PSV Discharge Piping and Backpressure 2

[Mech85]

We have an existing conventional pressure safety valve which relieves vapour to atmosphere (0 kPa gauge). The PSV is being checked for use for a new operating scenario. The PSV has a tailpipe (discharge piping) consisting of elbows and straight pipe run.

In determining the pressure drop ( ie back pressure ) for the PSV, I am unsure whether the exit loss from the discharge piping ( ie (k* v^2)/g) should be included or excluded. Section 5.4.1.3 of API 520 does not seem to clarify the issue.

Can anyone comment?

 

[sailoday28]

EGT01 (Chemical)"Then it would seem for any discharge to atmosphere, you can neglect the exit fitting loss if you choose to account for the pressure recovery. If you ignore the pressure recovery, there will be a difference in pressure between the end of the pipe and outside the pipe which will be equal to the head loss due to the exit fitting.

.....Right?"
I believe what you are stating is correct.
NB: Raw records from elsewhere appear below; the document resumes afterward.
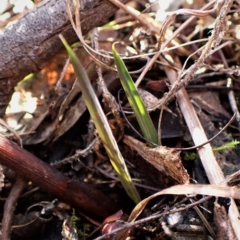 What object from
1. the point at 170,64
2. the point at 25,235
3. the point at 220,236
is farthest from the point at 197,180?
the point at 25,235

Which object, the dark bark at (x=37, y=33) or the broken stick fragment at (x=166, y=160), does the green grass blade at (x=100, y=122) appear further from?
the dark bark at (x=37, y=33)

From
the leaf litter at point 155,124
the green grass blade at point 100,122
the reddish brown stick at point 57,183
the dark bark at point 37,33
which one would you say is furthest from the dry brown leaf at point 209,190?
the dark bark at point 37,33

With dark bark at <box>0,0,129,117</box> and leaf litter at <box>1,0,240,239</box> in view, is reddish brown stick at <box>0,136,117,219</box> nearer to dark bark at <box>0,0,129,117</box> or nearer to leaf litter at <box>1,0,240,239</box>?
leaf litter at <box>1,0,240,239</box>

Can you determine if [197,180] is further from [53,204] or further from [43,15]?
[43,15]

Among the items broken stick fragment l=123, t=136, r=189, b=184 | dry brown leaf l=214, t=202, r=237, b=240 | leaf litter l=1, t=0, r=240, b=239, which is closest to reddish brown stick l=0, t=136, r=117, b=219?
leaf litter l=1, t=0, r=240, b=239

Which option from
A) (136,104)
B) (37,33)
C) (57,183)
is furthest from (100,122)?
(37,33)

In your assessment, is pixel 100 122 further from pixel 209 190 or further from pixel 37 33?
pixel 37 33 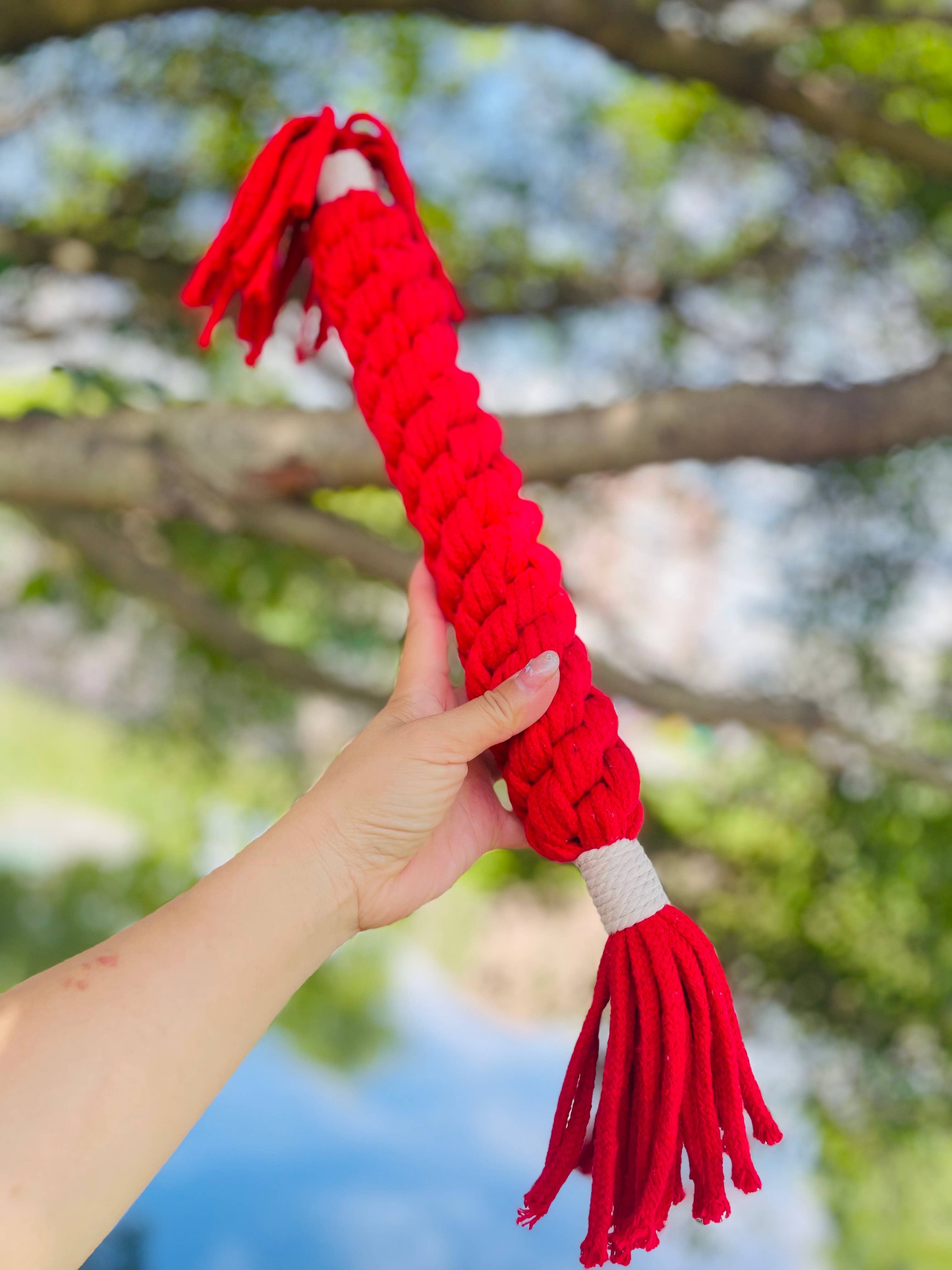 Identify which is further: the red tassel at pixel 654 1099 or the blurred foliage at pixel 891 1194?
the blurred foliage at pixel 891 1194

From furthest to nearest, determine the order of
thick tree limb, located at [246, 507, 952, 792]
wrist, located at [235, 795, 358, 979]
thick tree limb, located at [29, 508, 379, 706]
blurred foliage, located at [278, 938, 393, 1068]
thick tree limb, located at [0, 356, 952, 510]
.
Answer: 1. blurred foliage, located at [278, 938, 393, 1068]
2. thick tree limb, located at [29, 508, 379, 706]
3. thick tree limb, located at [246, 507, 952, 792]
4. thick tree limb, located at [0, 356, 952, 510]
5. wrist, located at [235, 795, 358, 979]

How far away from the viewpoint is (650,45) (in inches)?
65.2

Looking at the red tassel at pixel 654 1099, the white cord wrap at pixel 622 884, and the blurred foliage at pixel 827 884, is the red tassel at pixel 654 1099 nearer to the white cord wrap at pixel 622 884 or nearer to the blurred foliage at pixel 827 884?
the white cord wrap at pixel 622 884

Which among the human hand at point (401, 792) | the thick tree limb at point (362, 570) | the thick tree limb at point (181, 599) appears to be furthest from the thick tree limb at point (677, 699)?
the human hand at point (401, 792)

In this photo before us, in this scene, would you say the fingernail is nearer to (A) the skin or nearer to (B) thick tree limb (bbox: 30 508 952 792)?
(A) the skin

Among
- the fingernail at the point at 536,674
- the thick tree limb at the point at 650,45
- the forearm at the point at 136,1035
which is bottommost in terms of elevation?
the forearm at the point at 136,1035

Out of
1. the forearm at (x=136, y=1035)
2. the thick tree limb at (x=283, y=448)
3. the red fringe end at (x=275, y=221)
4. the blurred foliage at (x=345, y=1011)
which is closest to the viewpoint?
the forearm at (x=136, y=1035)

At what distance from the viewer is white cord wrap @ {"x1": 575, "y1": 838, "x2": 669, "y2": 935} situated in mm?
646

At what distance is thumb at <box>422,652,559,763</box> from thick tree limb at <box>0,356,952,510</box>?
77 centimetres

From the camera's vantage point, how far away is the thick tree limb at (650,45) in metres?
1.50

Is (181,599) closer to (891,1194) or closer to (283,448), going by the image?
(283,448)

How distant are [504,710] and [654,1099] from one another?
0.82 feet

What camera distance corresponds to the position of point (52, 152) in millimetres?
2053

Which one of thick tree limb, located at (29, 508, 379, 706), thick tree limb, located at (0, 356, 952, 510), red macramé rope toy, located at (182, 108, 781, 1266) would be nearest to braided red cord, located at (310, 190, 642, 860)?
red macramé rope toy, located at (182, 108, 781, 1266) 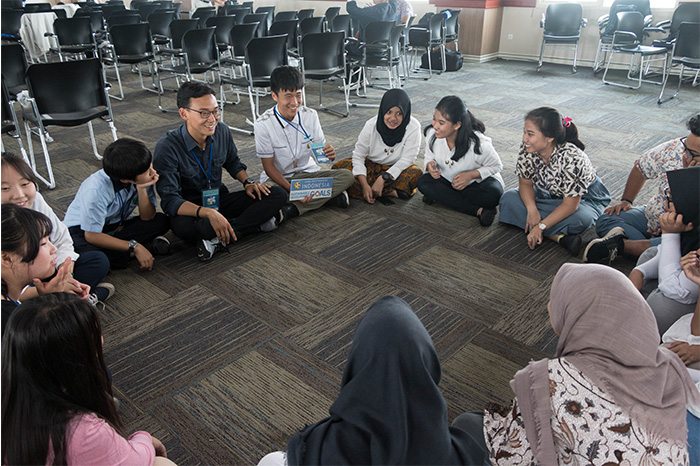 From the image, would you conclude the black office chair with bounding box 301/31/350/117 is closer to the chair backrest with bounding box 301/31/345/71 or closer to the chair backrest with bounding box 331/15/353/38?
the chair backrest with bounding box 301/31/345/71

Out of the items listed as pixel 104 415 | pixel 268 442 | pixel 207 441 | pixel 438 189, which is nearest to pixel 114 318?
pixel 207 441

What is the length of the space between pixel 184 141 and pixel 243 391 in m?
1.48

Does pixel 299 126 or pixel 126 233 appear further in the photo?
pixel 299 126

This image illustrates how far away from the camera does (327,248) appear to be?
2.92 meters

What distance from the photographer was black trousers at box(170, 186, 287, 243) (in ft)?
9.11

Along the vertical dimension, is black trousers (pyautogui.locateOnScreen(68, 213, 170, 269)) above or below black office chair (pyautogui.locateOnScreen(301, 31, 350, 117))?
below

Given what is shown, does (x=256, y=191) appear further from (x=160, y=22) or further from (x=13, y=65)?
(x=160, y=22)

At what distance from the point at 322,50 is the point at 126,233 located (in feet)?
10.7

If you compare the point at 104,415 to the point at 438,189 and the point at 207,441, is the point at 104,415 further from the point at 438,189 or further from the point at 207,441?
the point at 438,189

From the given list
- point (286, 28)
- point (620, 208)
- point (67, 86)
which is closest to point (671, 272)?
point (620, 208)

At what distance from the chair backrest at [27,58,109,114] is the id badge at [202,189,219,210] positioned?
1.64 meters

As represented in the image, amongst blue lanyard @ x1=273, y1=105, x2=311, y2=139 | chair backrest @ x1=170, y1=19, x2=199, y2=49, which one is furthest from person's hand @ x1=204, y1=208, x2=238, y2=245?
chair backrest @ x1=170, y1=19, x2=199, y2=49

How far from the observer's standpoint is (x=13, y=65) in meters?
4.00

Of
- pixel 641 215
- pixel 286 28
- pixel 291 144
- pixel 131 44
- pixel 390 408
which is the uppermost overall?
pixel 286 28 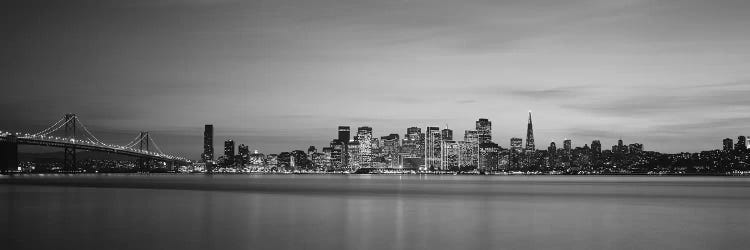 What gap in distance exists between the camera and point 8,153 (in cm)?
11338

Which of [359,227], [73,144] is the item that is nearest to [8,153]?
[73,144]

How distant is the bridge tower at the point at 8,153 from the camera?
359 feet

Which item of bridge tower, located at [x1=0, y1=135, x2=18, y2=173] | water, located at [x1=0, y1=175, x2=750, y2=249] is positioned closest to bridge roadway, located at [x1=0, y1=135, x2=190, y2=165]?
bridge tower, located at [x1=0, y1=135, x2=18, y2=173]

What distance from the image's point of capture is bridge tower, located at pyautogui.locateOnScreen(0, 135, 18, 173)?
10931 cm

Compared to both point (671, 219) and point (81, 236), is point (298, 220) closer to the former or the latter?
point (81, 236)

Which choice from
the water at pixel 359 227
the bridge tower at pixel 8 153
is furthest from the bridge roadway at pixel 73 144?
the water at pixel 359 227

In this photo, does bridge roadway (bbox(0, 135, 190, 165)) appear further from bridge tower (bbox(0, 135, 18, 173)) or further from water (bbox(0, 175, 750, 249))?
water (bbox(0, 175, 750, 249))

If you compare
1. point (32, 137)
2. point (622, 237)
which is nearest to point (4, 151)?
point (32, 137)

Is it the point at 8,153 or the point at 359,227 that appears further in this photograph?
the point at 8,153

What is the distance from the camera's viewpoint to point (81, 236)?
2455cm

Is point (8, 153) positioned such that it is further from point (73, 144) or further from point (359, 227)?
point (359, 227)

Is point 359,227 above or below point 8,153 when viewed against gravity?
below

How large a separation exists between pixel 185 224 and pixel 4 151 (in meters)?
97.4

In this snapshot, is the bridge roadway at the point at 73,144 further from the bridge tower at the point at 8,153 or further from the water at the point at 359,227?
the water at the point at 359,227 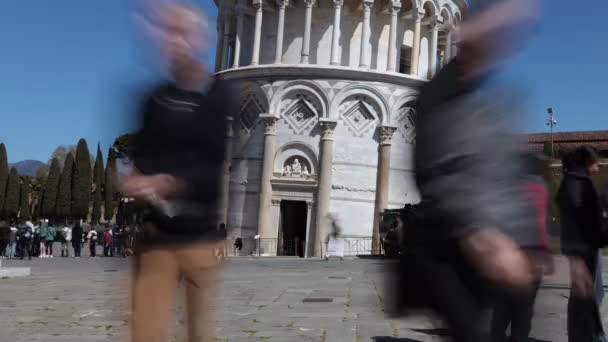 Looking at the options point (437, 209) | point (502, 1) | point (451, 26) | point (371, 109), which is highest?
point (451, 26)

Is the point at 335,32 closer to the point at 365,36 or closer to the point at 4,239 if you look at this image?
the point at 365,36

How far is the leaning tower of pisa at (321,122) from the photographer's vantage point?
3306 centimetres

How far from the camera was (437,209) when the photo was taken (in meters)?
2.54

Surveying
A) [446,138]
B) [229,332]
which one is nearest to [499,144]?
[446,138]

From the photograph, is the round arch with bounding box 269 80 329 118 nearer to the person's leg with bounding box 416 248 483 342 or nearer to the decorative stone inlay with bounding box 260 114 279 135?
the decorative stone inlay with bounding box 260 114 279 135

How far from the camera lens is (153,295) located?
321 centimetres

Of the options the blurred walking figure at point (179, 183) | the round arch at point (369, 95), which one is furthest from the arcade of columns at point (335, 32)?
the blurred walking figure at point (179, 183)

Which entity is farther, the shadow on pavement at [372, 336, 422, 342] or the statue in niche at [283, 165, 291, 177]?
the statue in niche at [283, 165, 291, 177]

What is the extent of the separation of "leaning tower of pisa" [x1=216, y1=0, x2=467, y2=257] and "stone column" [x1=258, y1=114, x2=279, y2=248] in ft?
0.16

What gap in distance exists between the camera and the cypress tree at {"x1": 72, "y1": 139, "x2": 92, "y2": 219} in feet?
214

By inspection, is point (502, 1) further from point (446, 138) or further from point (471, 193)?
point (471, 193)

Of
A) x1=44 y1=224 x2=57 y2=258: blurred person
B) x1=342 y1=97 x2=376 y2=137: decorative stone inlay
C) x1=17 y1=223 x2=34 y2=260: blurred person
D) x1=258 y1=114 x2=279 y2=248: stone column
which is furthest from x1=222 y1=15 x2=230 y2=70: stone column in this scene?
x1=17 y1=223 x2=34 y2=260: blurred person

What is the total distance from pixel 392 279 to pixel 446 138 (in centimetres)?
63

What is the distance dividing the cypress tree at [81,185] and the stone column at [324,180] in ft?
129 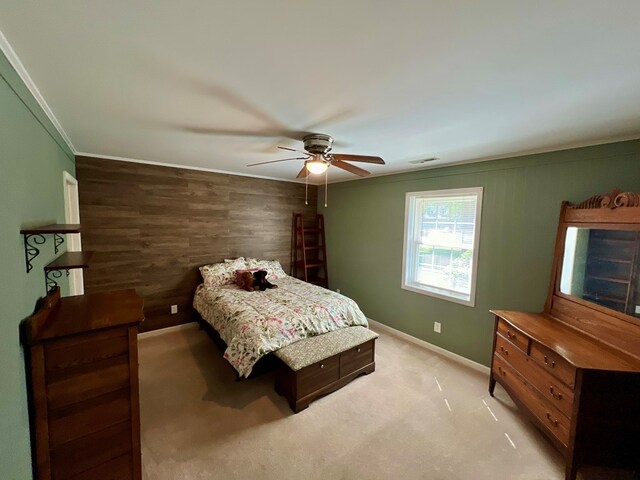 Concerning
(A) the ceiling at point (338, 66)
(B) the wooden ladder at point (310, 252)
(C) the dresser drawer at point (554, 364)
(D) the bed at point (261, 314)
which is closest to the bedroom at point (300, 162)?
(A) the ceiling at point (338, 66)

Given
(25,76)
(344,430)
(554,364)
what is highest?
(25,76)

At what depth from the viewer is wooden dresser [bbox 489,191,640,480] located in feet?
5.22

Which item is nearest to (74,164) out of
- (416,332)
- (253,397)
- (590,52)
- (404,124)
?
(253,397)

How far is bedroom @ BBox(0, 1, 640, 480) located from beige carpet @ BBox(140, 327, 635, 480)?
0.06ft

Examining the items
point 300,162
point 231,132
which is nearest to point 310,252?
point 300,162

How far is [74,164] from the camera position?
114 inches

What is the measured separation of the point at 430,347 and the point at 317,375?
1762mm

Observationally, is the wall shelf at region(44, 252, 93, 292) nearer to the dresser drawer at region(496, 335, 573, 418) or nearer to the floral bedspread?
the floral bedspread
In calculating a system resistance or equivalent K or L/d

IF the final downstream component is the atmosphere (a large volume and flow area), then if one is using gage pressures P/rho and V^2/2 should be taken as zero.

IF instead, one desires to use the exit area of the last fitting upstream of the (large area) atmosphere, then use at the exit plane P/rho=0 and the correct exit velocity.
Either approach should give the same answers.
Regards

 

[Mech85]

Gee, this query certainly started some good discussions! Thanks to everyone for all the input.

EGT01, thanks for the link to the AICHE guidelines. It is quite useful. In discussions with colleagues here, there is a tendecy to agree with ignoring the exit loss as we are discharging to atmosphere and only account for the pipe and fittings friction loss. Your posts seem to concur with this.

 

[sailoday28]

My original post stated K=1 may be derived from momentum equation.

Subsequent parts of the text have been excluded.